[INPUT MATERIAL Boundary: Start]

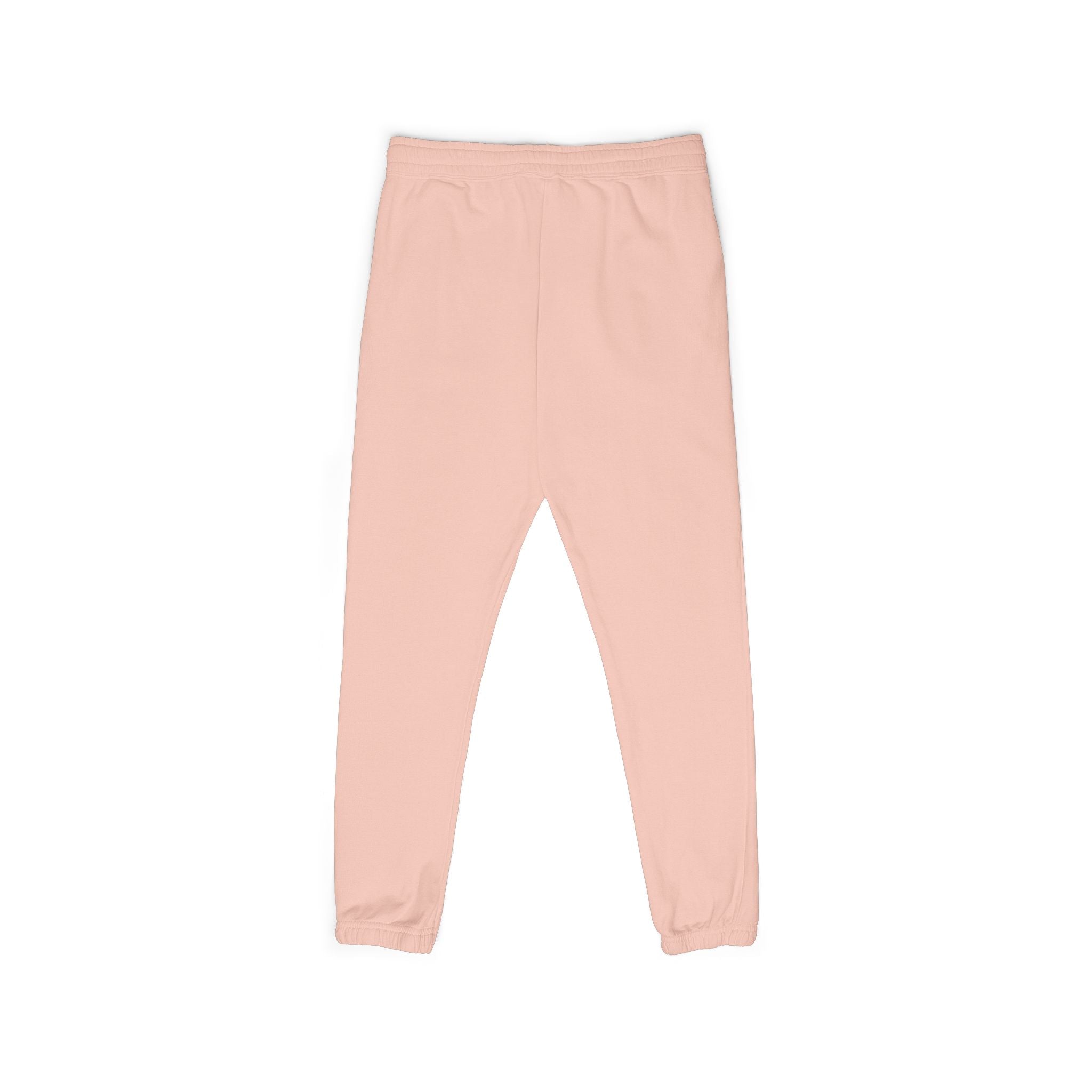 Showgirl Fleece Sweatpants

[INPUT MATERIAL Boundary: End]
[INPUT MATERIAL Boundary: Start]

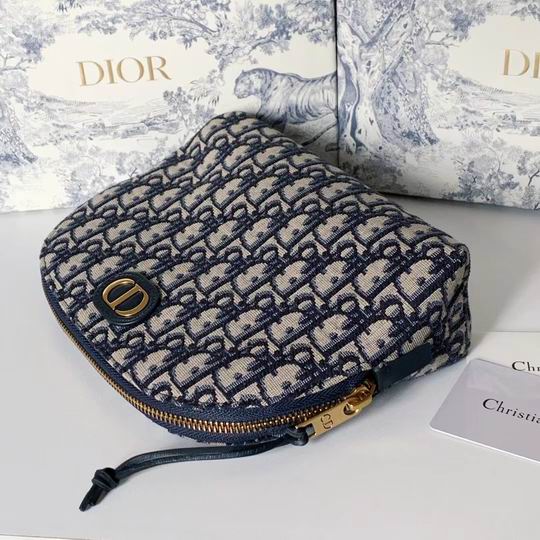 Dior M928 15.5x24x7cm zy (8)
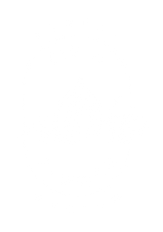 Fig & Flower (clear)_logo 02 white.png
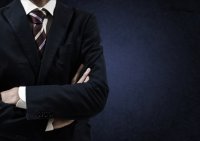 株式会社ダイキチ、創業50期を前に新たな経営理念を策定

[INPUT MATERIAL Boundary: End]
[INPUT MATERIAL Boundary: Start]

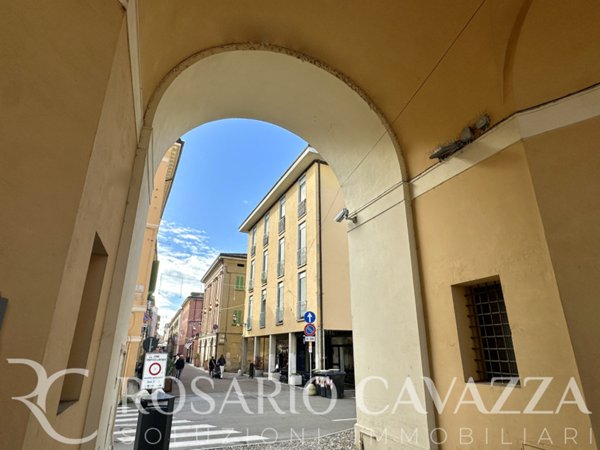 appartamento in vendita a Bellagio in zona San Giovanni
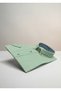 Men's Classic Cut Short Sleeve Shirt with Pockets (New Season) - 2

[INPUT MATERIAL Boundary: End]

*PROBLEM REQUIREMENTS*:
Print exactly the lines above that run from the one with "Dior M928 15.5x24x7cm zy (8)" to the one with "株式会社ダイキチ、創業50期を前に新たな経営理念を策定", both included. No pictures.

*WRITTEN SOLUTION*:
 Dior M928 15.5x24x7cm zy (8)
 Fig & Flower (clear)_logo 02 white.png
 株式会社ダイキチ、創業50期を前に新たな経営理念を策定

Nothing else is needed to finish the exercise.